_What this task involves_.
Only the pictures should be dropped; copy the rest of the entries exactly.

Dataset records
=== Section Start ===

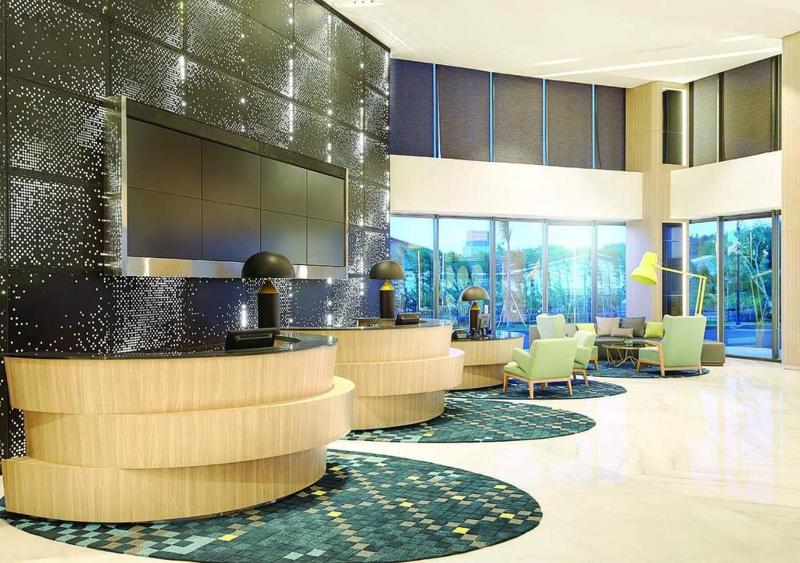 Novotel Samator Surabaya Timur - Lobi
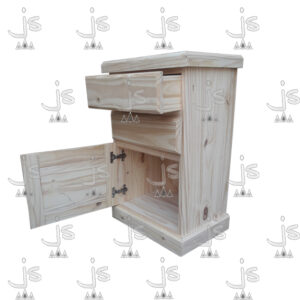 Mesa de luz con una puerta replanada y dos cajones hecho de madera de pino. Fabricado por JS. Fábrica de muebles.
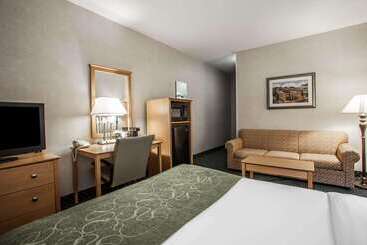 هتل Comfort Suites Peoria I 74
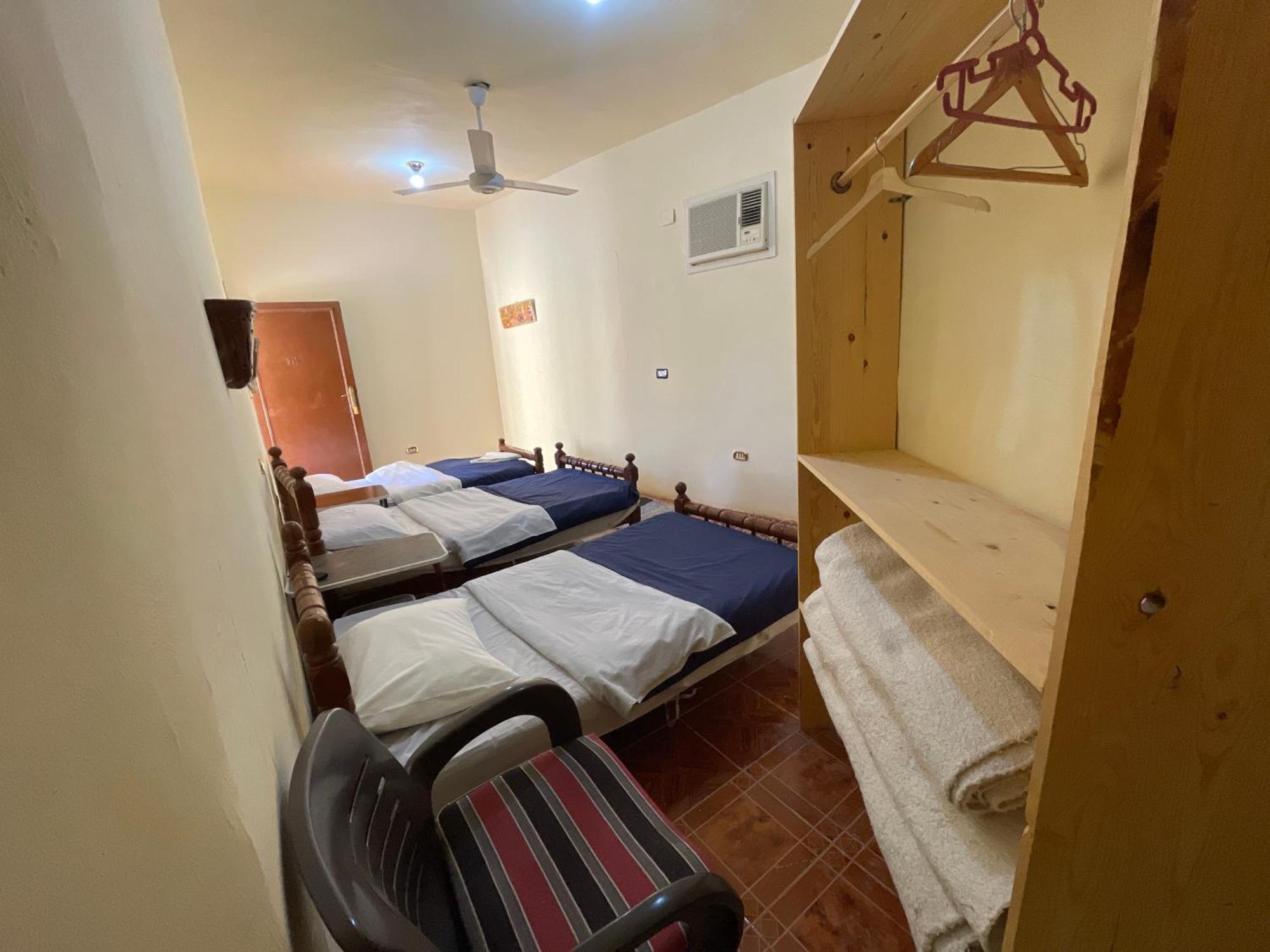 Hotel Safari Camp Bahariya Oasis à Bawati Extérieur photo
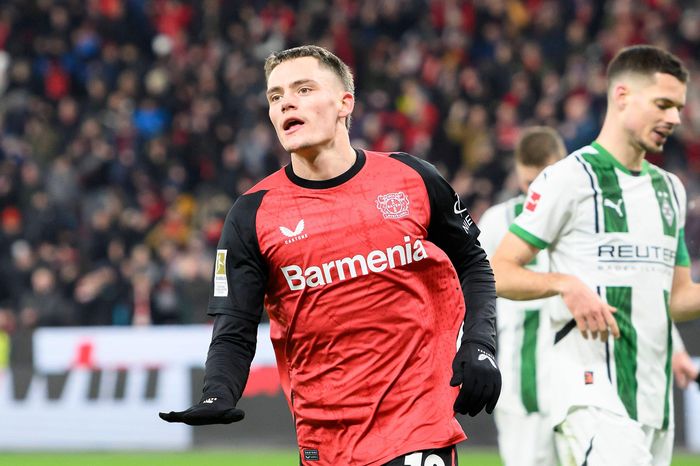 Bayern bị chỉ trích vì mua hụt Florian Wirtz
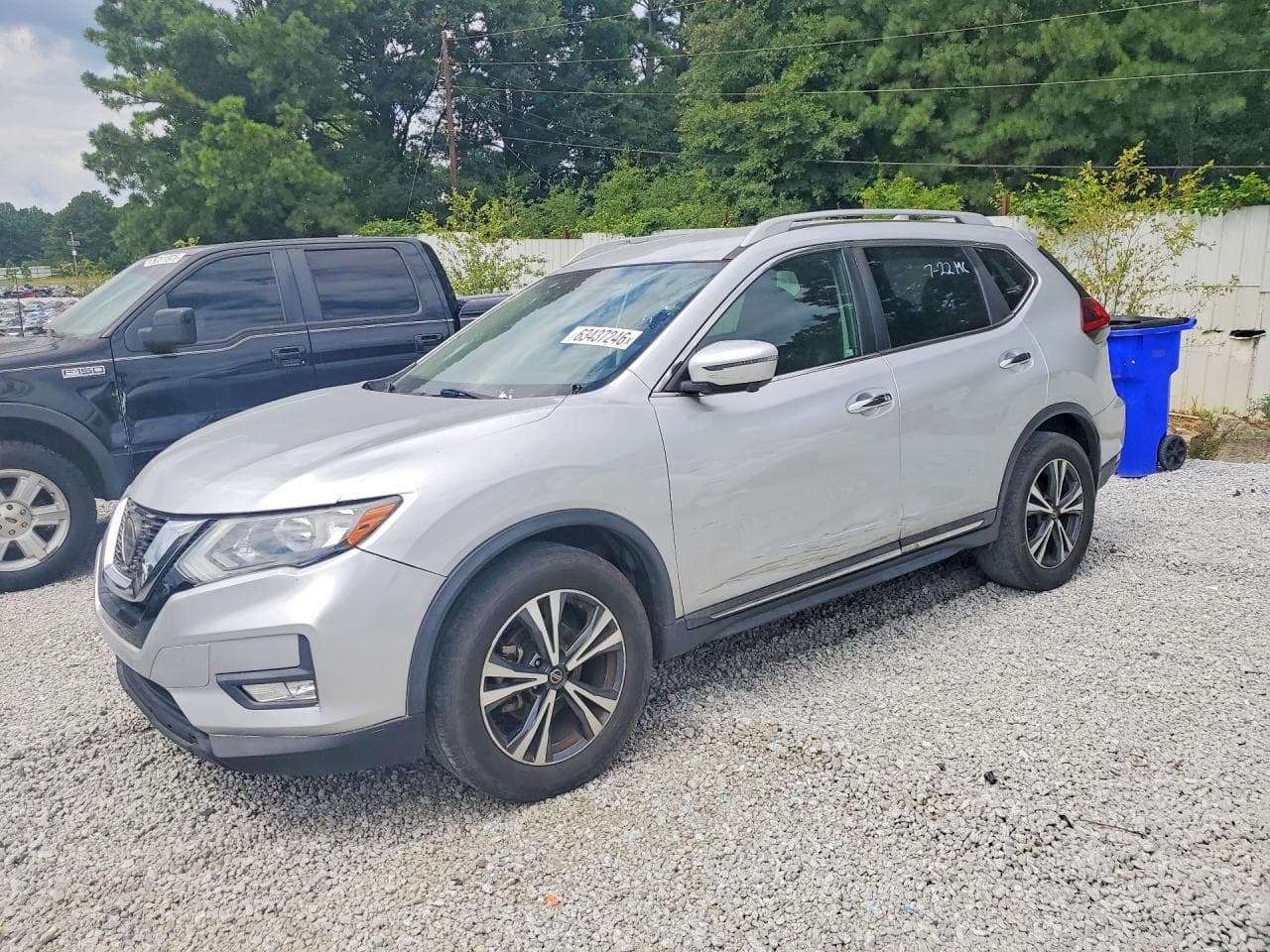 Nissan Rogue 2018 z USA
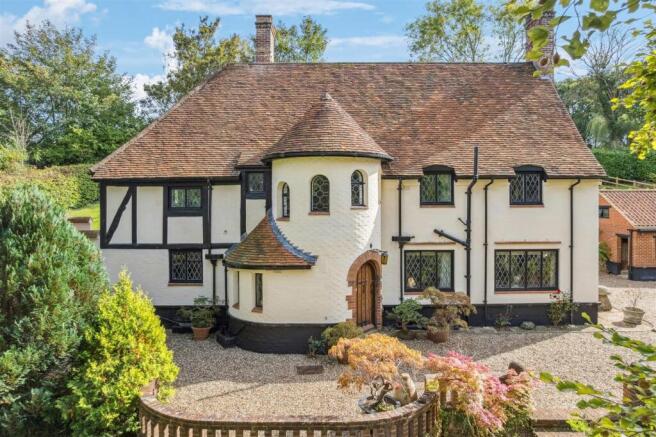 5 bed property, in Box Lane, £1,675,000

=== Section End ===

_Response below_.
 Novotel Samator Surabaya Timur - Lobi
 Mesa de luz con una puerta replanada y dos cajones hecho de madera de pino. Fabricado por JS. Fábrica de muebles.
 هتل Comfort Suites Peoria I 74
 Hotel Safari Camp Bahariya Oasis à Bawati Extérieur photo
 Bayern bị chỉ trích vì mua hụt Florian Wirtz
 Nissan Rogue 2018 z USA
 5 bed property, in Box Lane, £1,675,000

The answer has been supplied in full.